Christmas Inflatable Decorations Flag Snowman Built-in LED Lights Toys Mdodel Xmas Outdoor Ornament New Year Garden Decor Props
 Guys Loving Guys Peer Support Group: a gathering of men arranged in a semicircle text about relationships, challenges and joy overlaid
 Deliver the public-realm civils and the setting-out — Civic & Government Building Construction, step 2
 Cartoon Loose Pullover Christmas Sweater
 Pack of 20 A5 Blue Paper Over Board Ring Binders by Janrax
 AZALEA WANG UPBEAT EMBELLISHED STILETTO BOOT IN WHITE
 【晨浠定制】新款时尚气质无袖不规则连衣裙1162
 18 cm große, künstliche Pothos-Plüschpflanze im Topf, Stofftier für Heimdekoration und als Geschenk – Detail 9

----

DIRECTIONS FOR THIS TASK:
Write out word for word every line from the one containing "Pack of 20 A5" through the last line of the data, and no other line.

REPLY:
 Pack of 20 A5 Blue Paper Over Board Ring Binders by Janrax
 AZALEA WANG UPBEAT EMBELLISHED STILETTO BOOT IN WHITE
 【晨浠定制】新款时尚气质无袖不规则连衣裙1162
 18 cm große, künstliche Pothos-Plüschpflanze im Topf, Stofftier für Heimdekoration und als Geschenk – Detail 9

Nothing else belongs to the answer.